Katherine Tallmadge, a dietitian in Washington, DC, and a spokeswoman for the American Dietetic Association, says the bran and the germ of fiber-rich foods also contain the vitamins thiamine, niacin and riboflavin, and various minerals.
"In fact, researchers haven't really figured out if it's the fiber or these other phytochemicals that pass on these health benefits," Tallmadge says.
Therefore, just taking a fiber supplement isn't adequate. "It isn't just the fiber that helps us—it's fiber-rich foods. In fact, when they isolate fiber and study it separately, they don't get the same [heart-healthy] result," she adds.
Making Good Choices
Daily servings of good carbohydrates are crucial to maintaining a healthy cardiovascular system, Tallmadge says, but separating the good from the bad at the supermarket isn't always easy.
"It's tricky, because a lot of breads, for example, are called 7-Grain Bread, 'Whole Wheat Bread,' 'Oat Bread,' etc.
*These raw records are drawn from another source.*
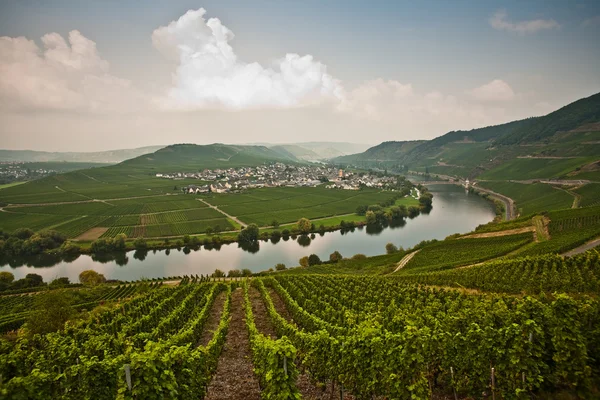 World famous sinuosity at the river Mosel near Trittenheim — Stock Photo, Image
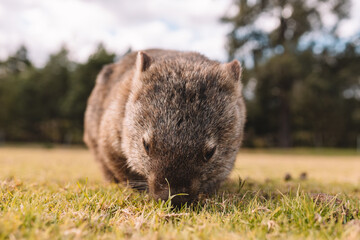 Common Wombat eating grass in a field.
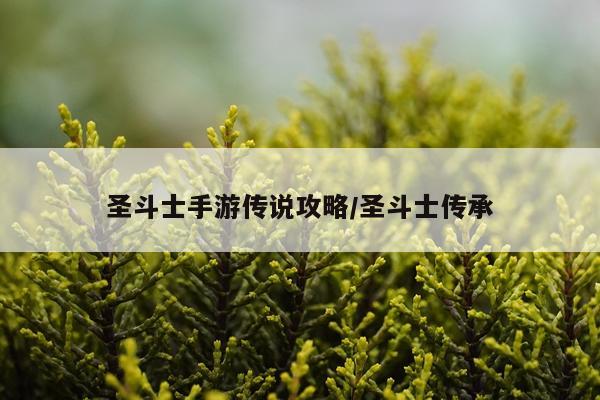 圣斗士手游传说攻略/圣斗士传承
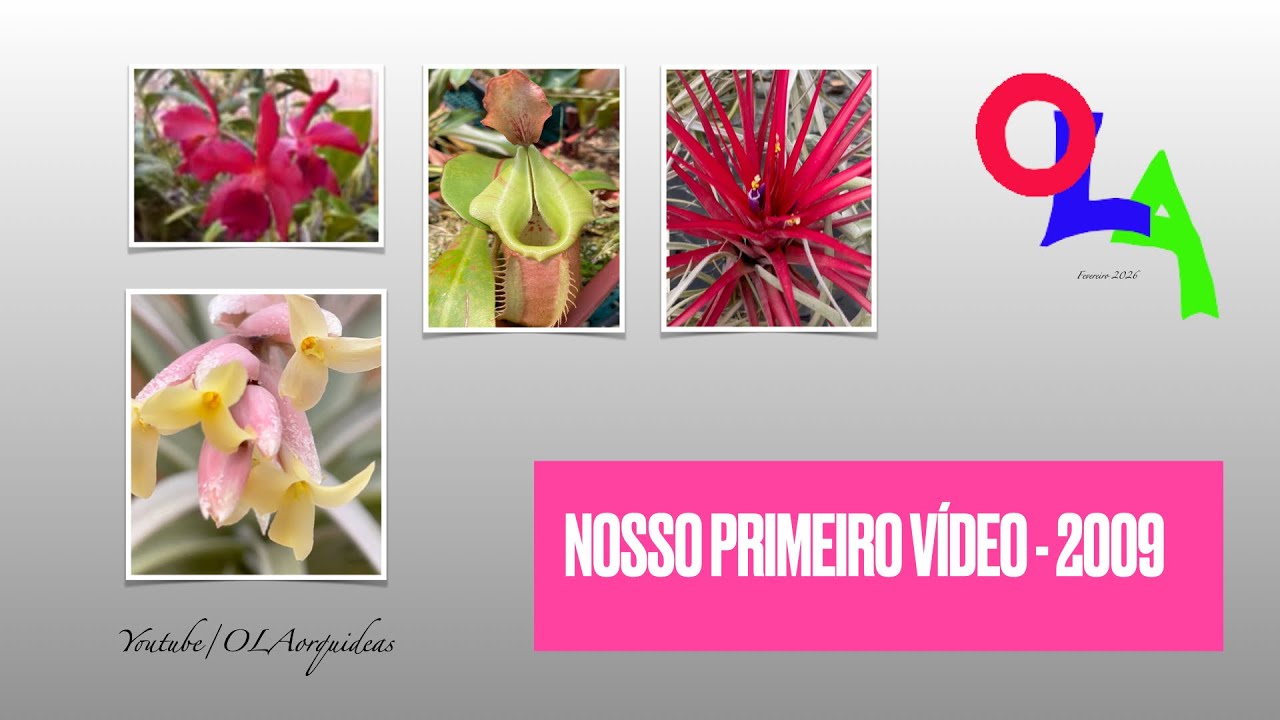 Relembrando Nosso PrimeiroVideo em 2009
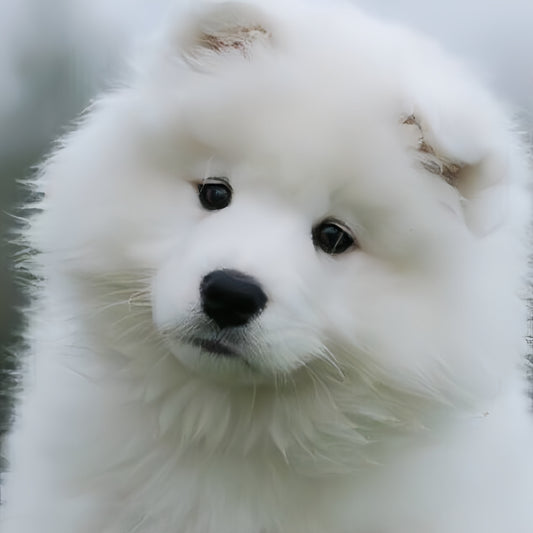 Samoyed Dog | Diamond Painting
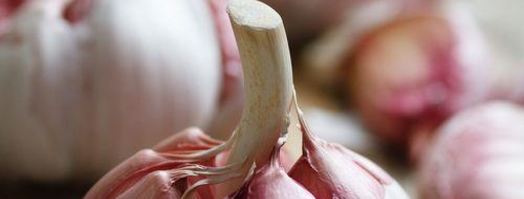 слива маринованная с чесноком. Шаг 2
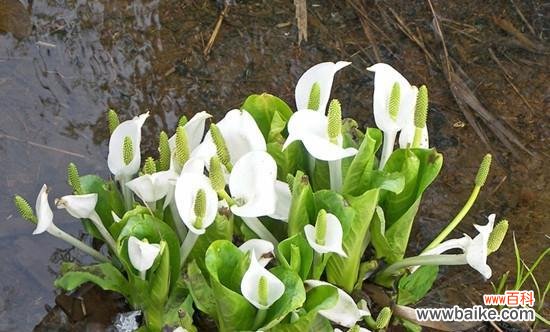 马蹄花的象征意义与寓意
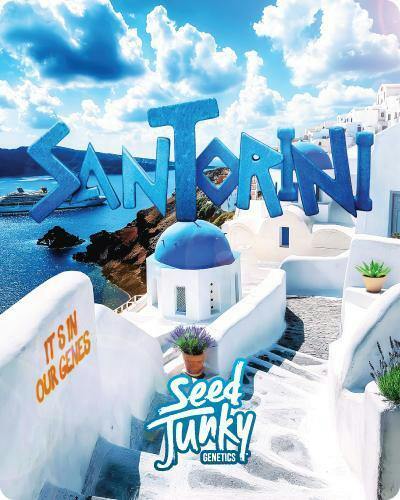 Santorini - Diamond Tier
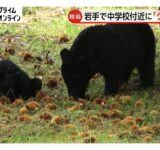 中学校から50メートルの林にクマ3頭…FNNカメラが捉える　生徒たちは集団下校　岩手・八幡平市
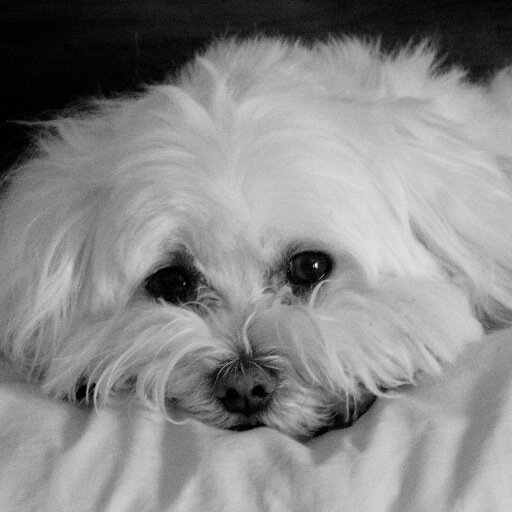 1st dog Mayor of Atlanta in DOGTV contest. Mission: Make ATL a NO-KILL city. Tweet pet rescue/adoption, pet-friendly travel & events/happenings in ATL & GA.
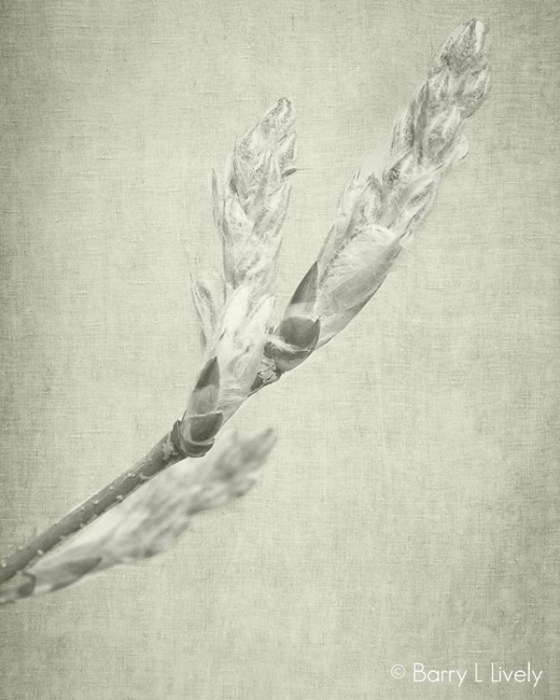 untitled-1662-Edit-Edit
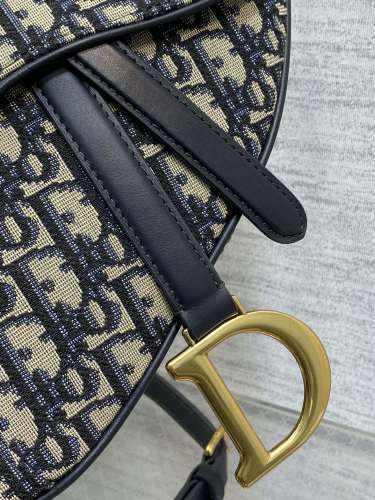 D*ior Saddle bag Top Quality HT 20231017-30 24×6×18cm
But if you look on the ingredient list and the first ingredient is wheat flour, that does not mean whole wheat," she explains.
Stick to breads where the label clearly lists whole wheat as the first ingredient, Tallmadge advises.
Moloo suggests looking at the dietary fiber line on the Nutrition Facts label and selecting a bread that has at least 3 grams (g) of fiber per serving.
For fruits and vegetables, the fiber content is pretty much the same whether they're fresh, frozen or canned.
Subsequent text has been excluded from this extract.